(Data records)

______

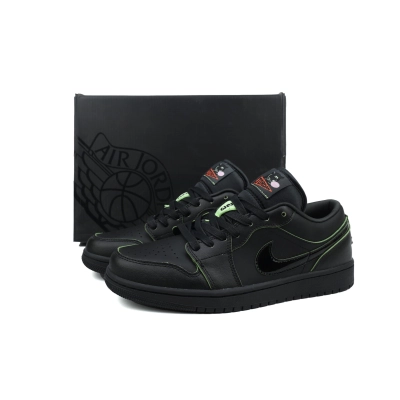 BoostMasterLin Air Jordan 1 Low SE Black Cat Mascot HM3690-001  02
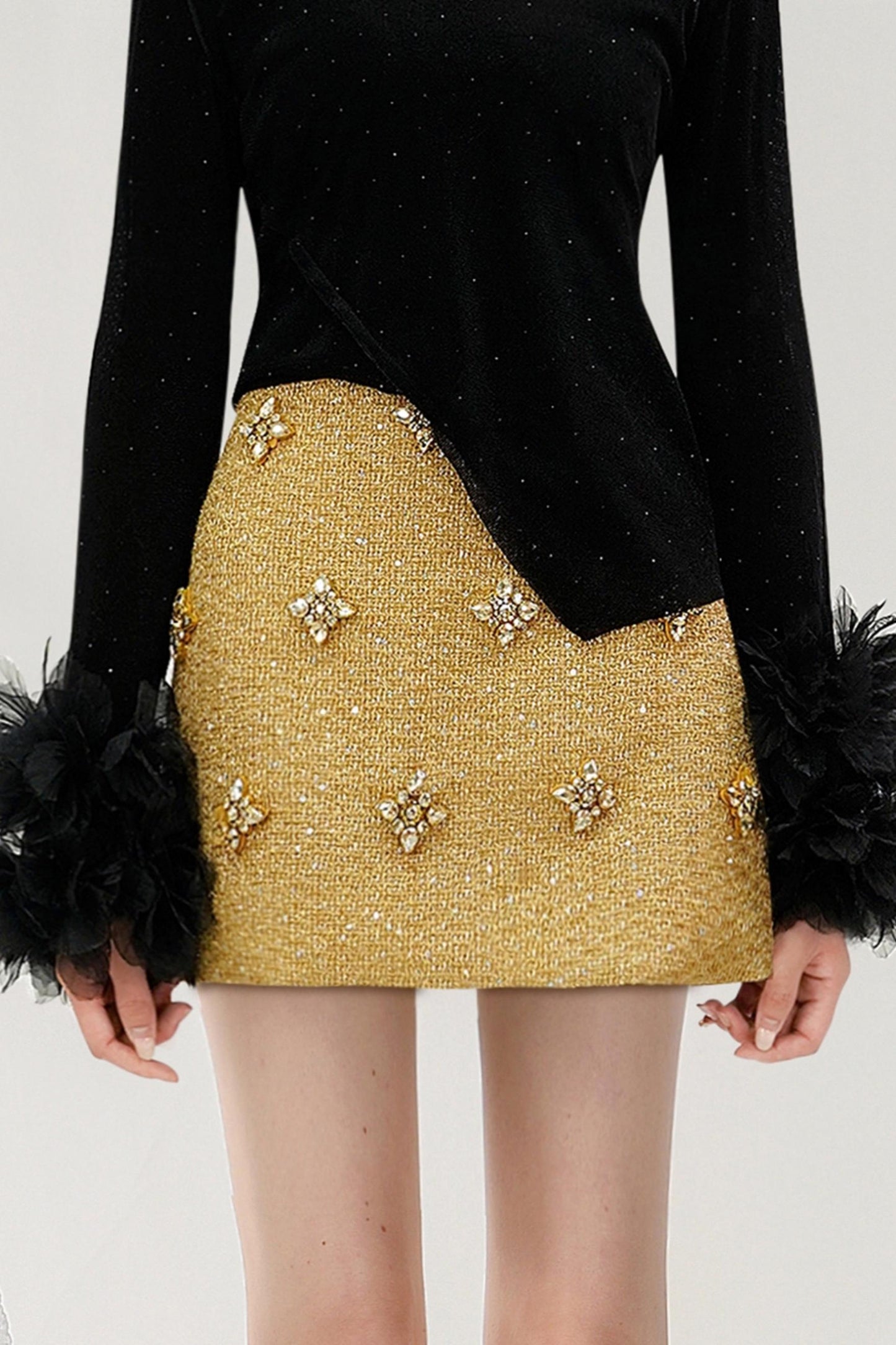 Modern Style Ensemble Shirt & Skirt Set-Up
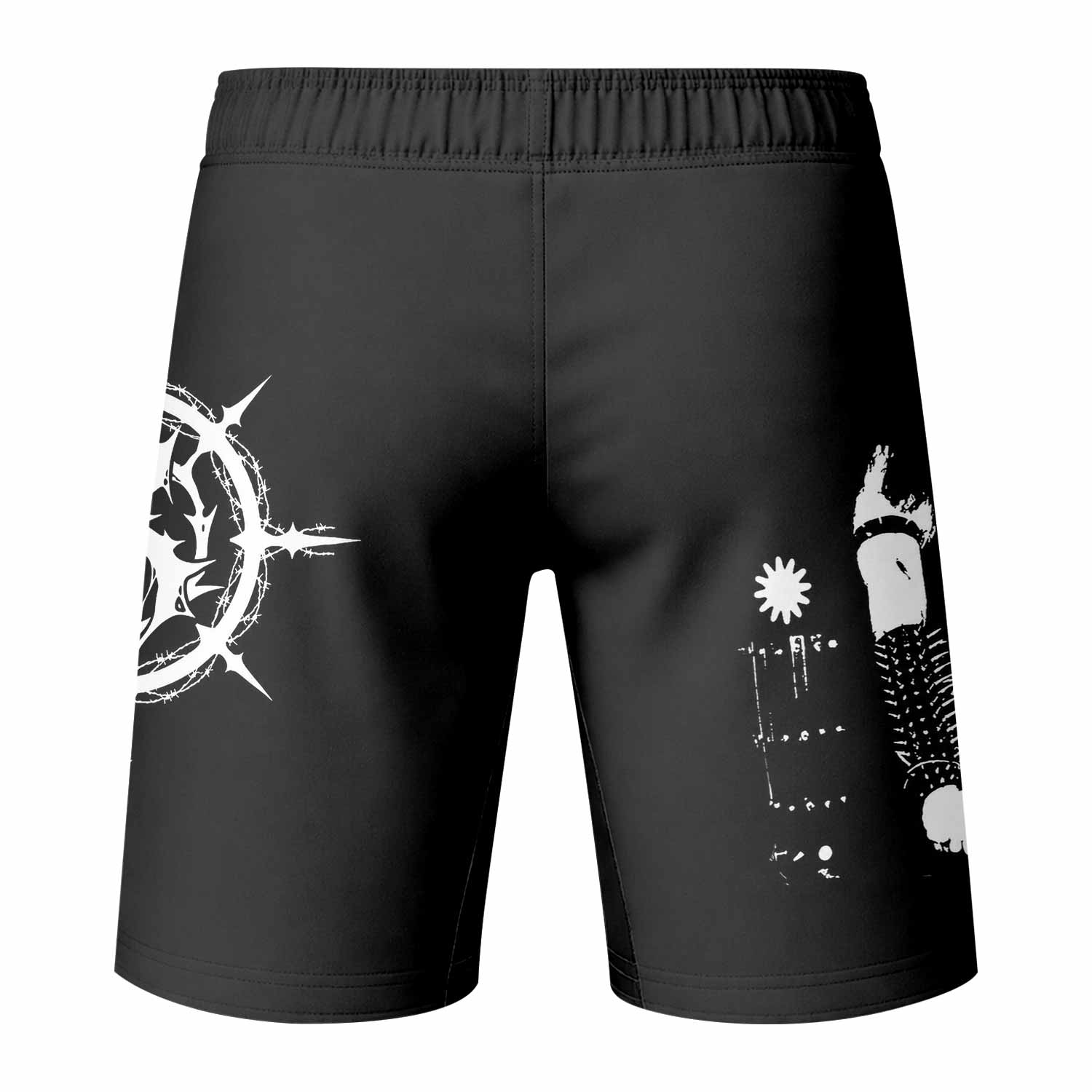 Carpathian Forest We're Going to Hell for This Fight Shorts - back view mockup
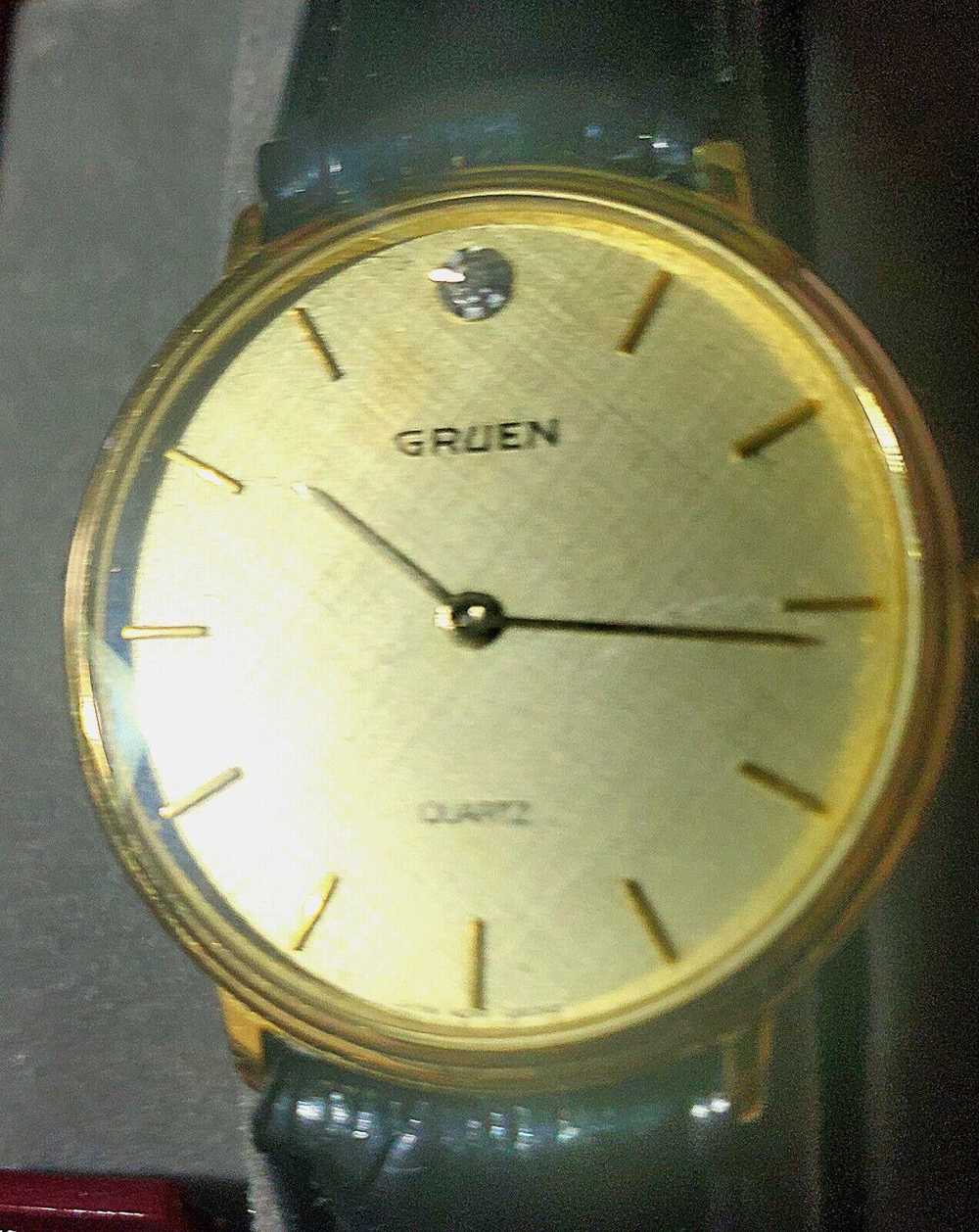 Craig Green Rare Vintage Gruen Quartz Mens Diamon… - image 2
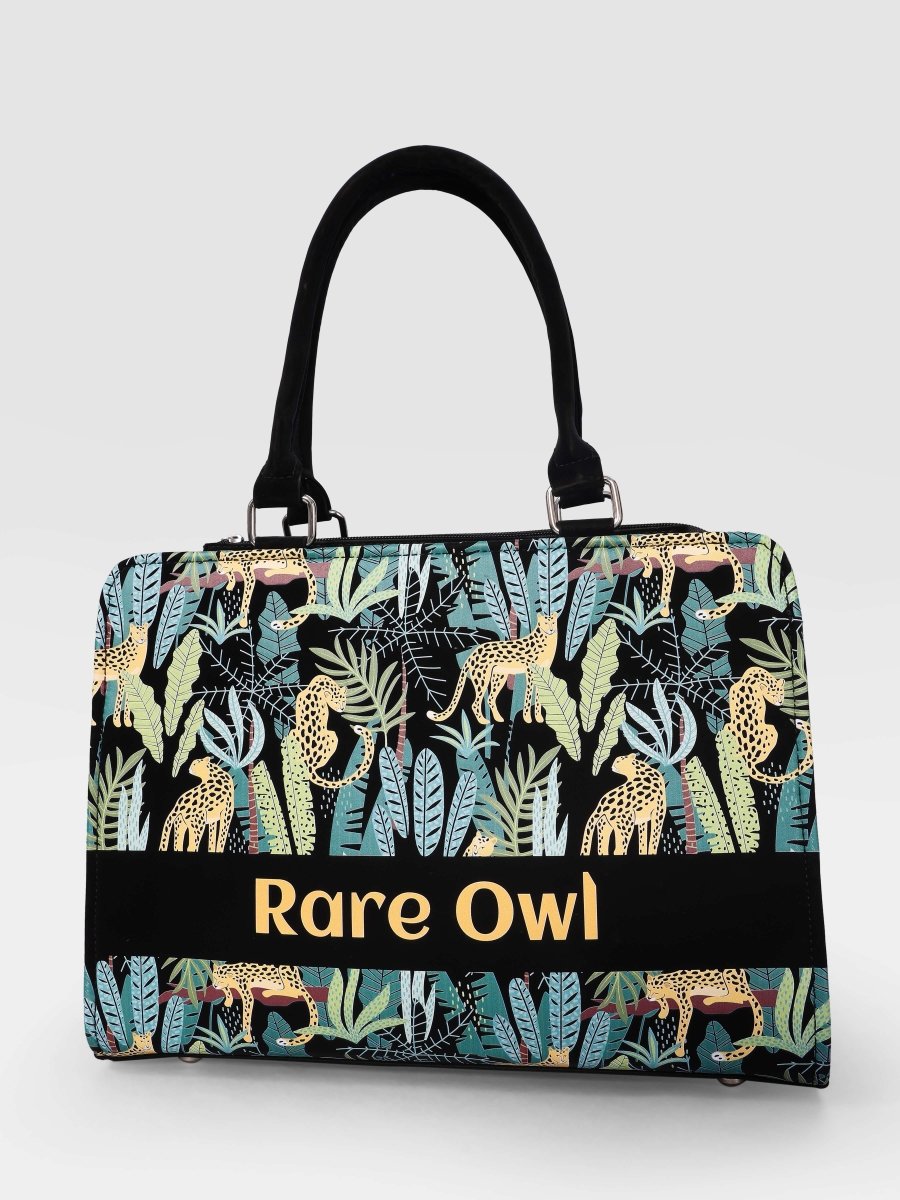 Leopard Luxe Customized Tote Bag for Women | Rare Canvas - Rare Owl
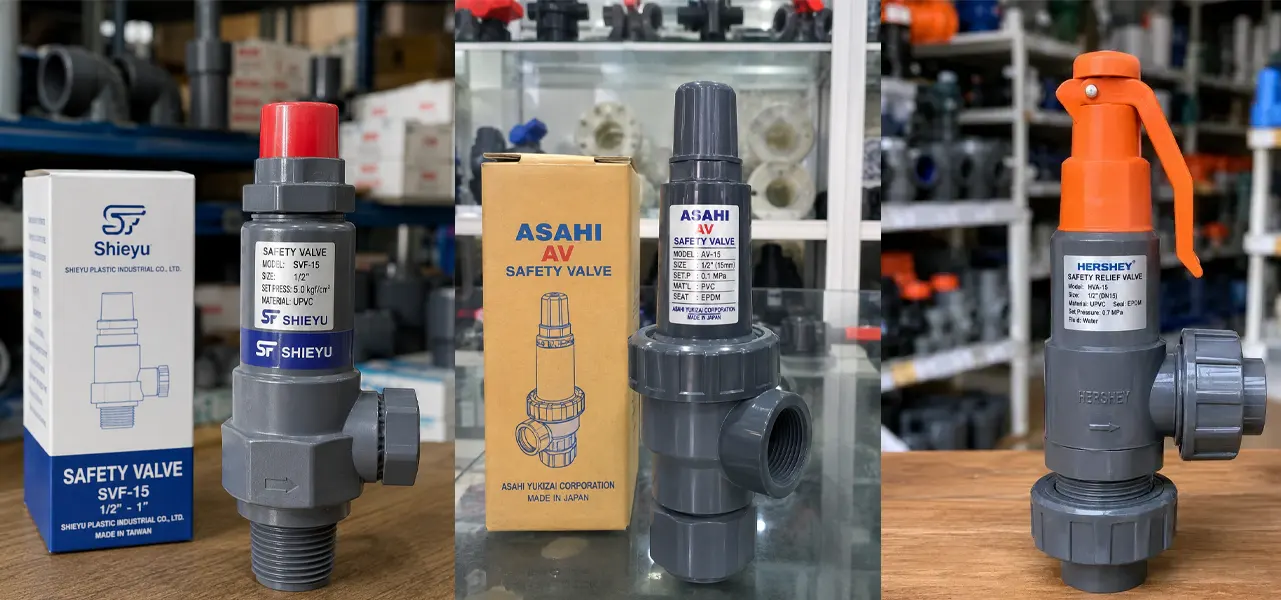 Hướng Dẫn Cách Lựa Chọn Van An Toàn Nhựa Phù Hợp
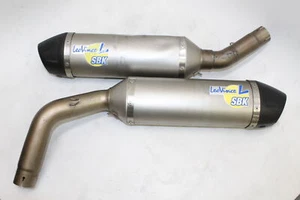 2008-14 Yamaha Yzf R1 Leo Vince SBK Exhaust System Pipe Muffler 04579 - Picture 1 of 14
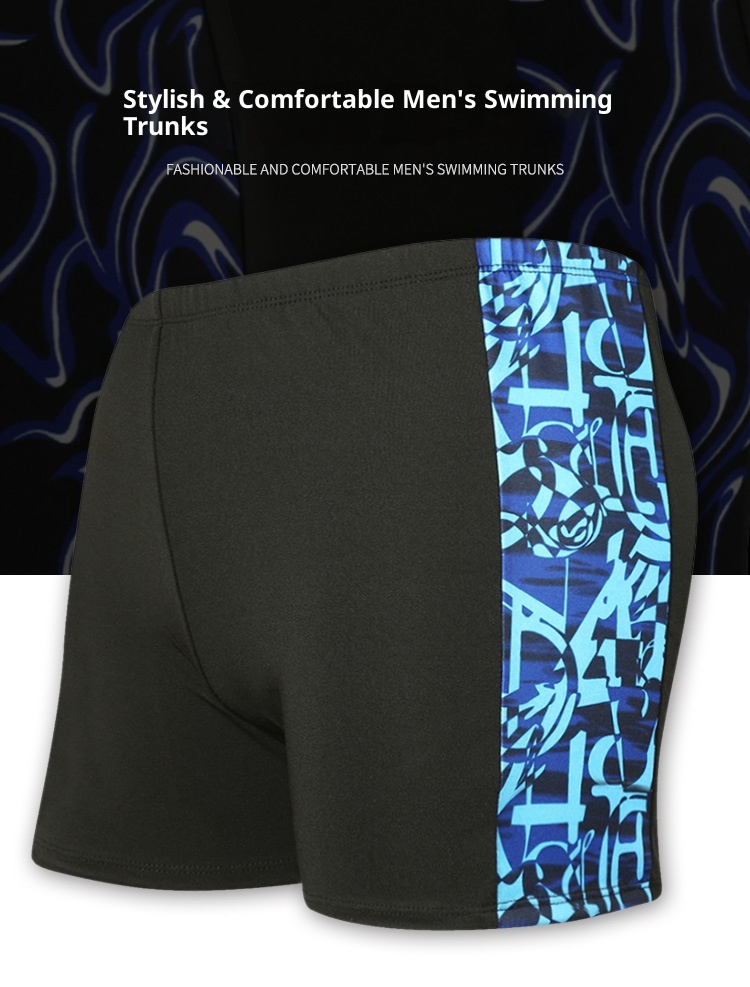 Short de bain pour homme, idéal pour les sources thermales, confortable et respirant, grande taille, séchage rapide._voghion.com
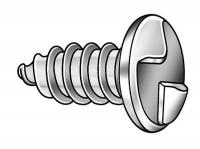 5JA62 Tamper Screw, Round, #6, 1/2 L, PK 100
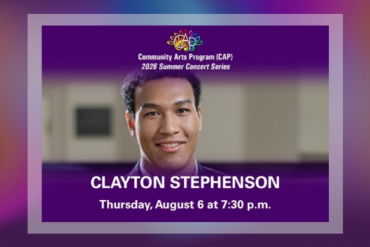 CAP 2025 Summer Concert Series: CLAYTON STEPHENSON Presented by Community Arts Program (CAP)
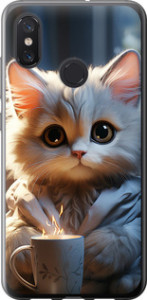 Чехол White cat для Xiaomi Mi8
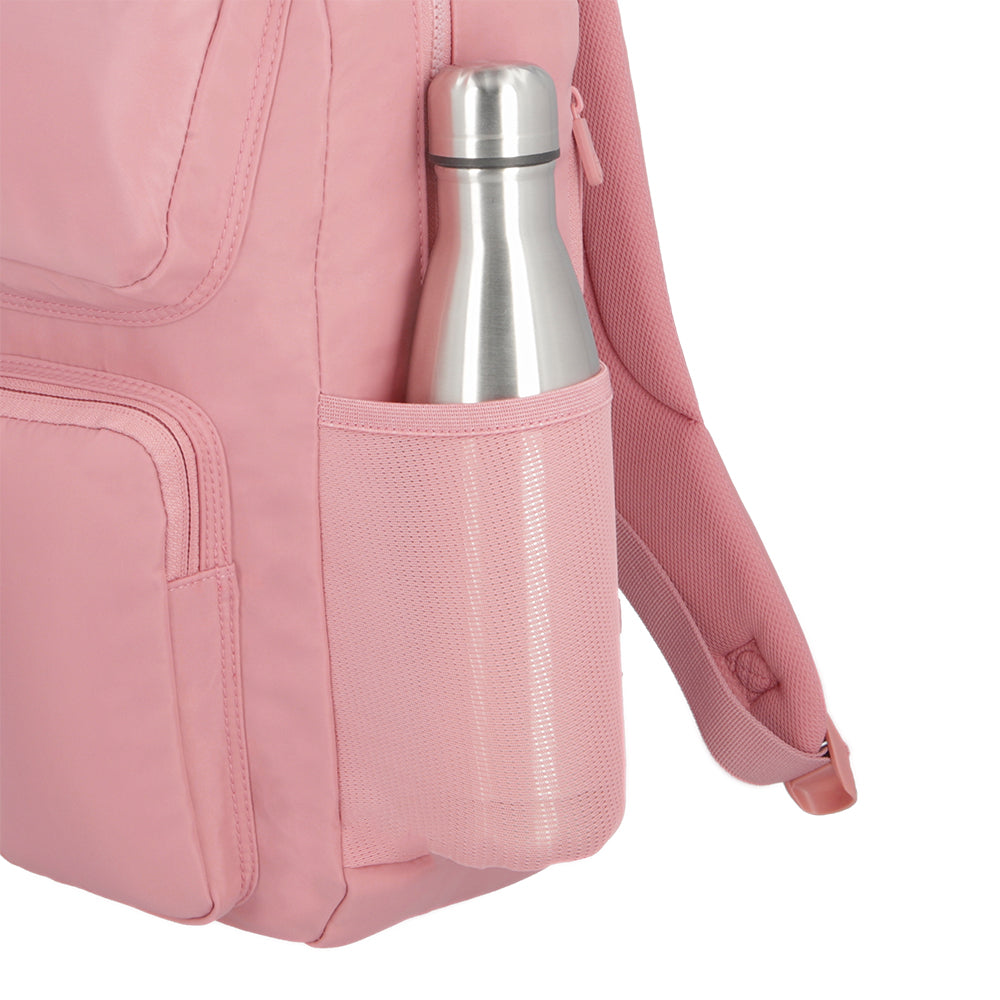 Mochila para notebook mujer Queens 15.6'' rosada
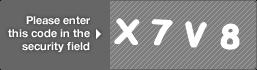 captcha code for visual authentication  letter X number 7 letter V number 8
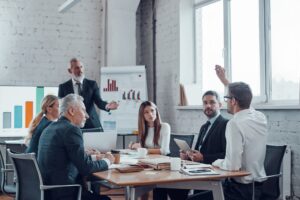 Confident businessman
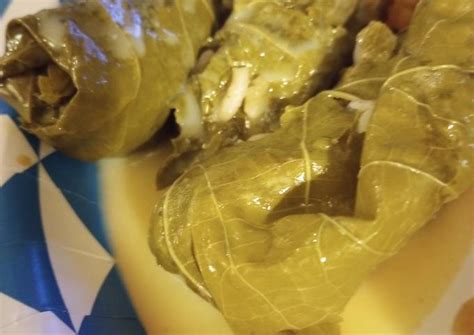 Dolmas with Avgolemono Sauce Recipe by skunkmonkey101 - Cookpad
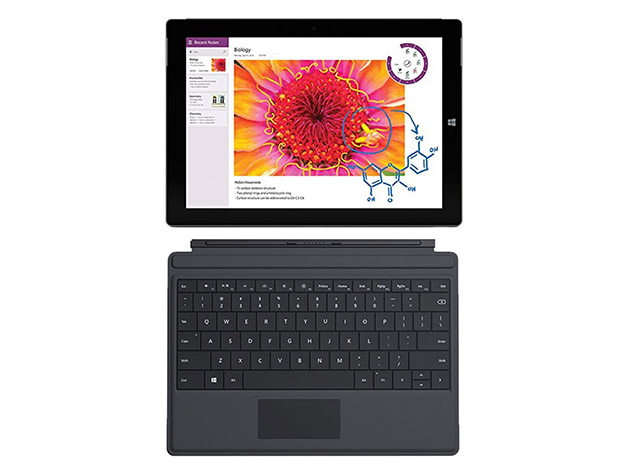 Microsoft Surface 3 Atom X7-Z8700 4GB RAM 64GB SSD - Silver (Certified Refurbished)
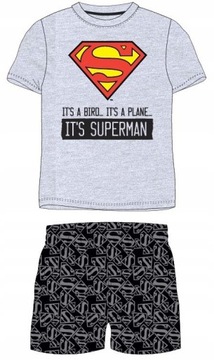 PIŻAMA CHŁOPIĘCA SUPERMAN KRÓTKI RĘKAW - 140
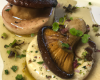 Tapas de quenelle aux cèpes et foie gras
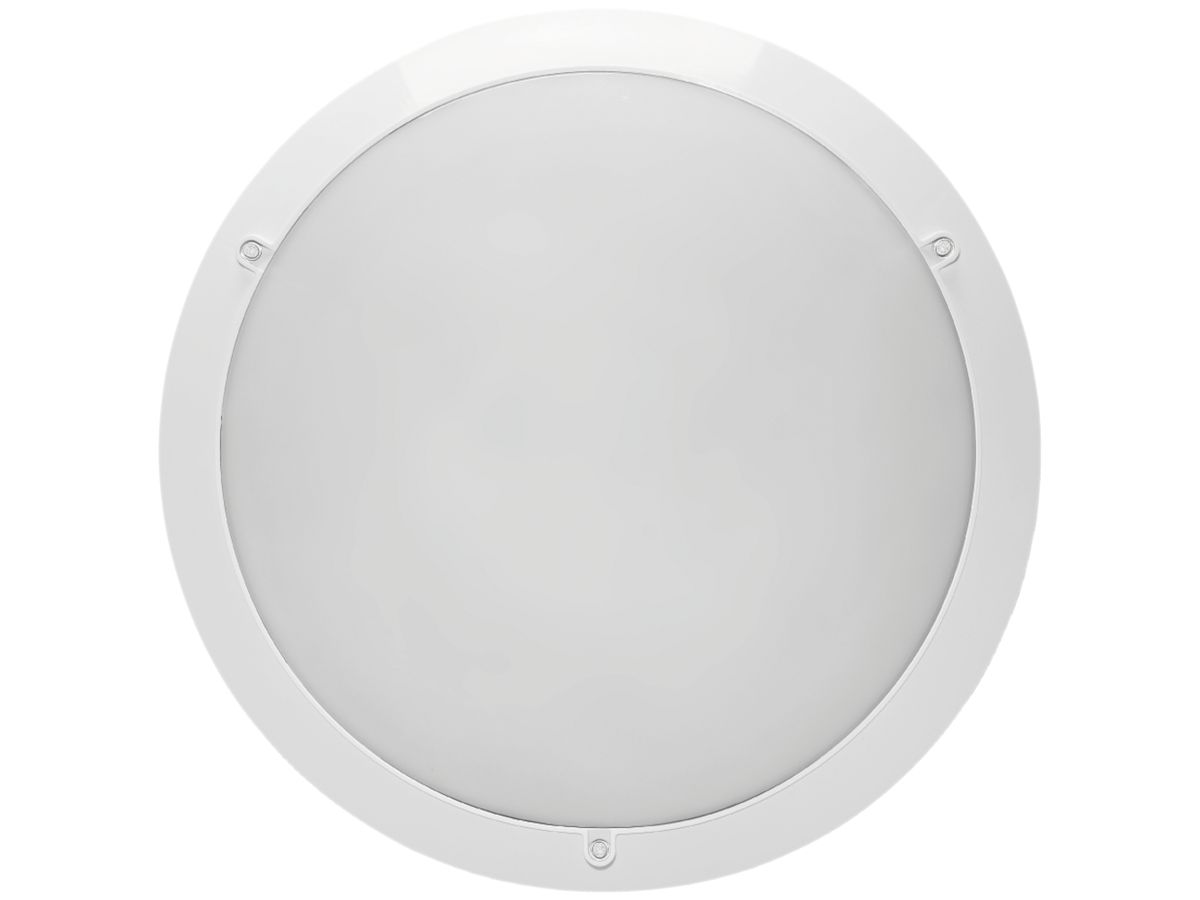 LED-Decken-/Wandleuchte ESSENTIEL 1000lm 9W ON/OFF Ø322mm vandalensicher weiss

______

• **Exercise brief**:
Print out the records in full and exactly, dropping every picture.

• **Solved exercise**:
 BoostMasterLin Air Jordan 1 Low SE Black Cat Mascot HM3690-001  02
 Modern Style Ensemble Shirt & Skirt Set-Up
 Carpathian Forest We're Going to Hell for This Fight Shorts - back view mockup
 Craig Green Rare Vintage Gruen Quartz Mens Diamon… - image 2
 Leopard Luxe Customized Tote Bag for Women | Rare Canvas - Rare Owl
 Hướng Dẫn Cách Lựa Chọn Van An Toàn Nhựa Phù Hợp
 2008-14 Yamaha Yzf R1 Leo Vince SBK Exhaust System Pipe Muffler 04579 - Picture 1 of 14
 Short de bain pour homme, idéal pour les sources thermales, confortable et respirant, grande taille, séchage rapide._voghion.com
 5JA62 Tamper Screw, Round, #6, 1/2 L, PK 100
 CAP 2025 Summer Concert Series: CLAYTON STEPHENSON Presented by Community Arts Program (CAP)
 Чехол White cat для Xiaomi Mi8
 Mochila para notebook mujer Queens 15.6'' rosada
 captcha code for visual authentication  letter X number 7 letter V number 8
 Confident businessman
 Dolmas with Avgolemono Sauce Recipe by skunkmonkey101 - Cookpad
 Microsoft Surface 3 Atom X7-Z8700 4GB RAM 64GB SSD - Silver (Certified Refurbished)
 PIŻAMA CHŁOPIĘCA SUPERMAN KRÓTKI RĘKAW - 140
 Tapas de quenelle aux cèpes et foie gras
 LED-Decken-/Wandleuchte ESSENTIEL 1000lm 9W ON/OFF Ø322mm vandalensicher weiss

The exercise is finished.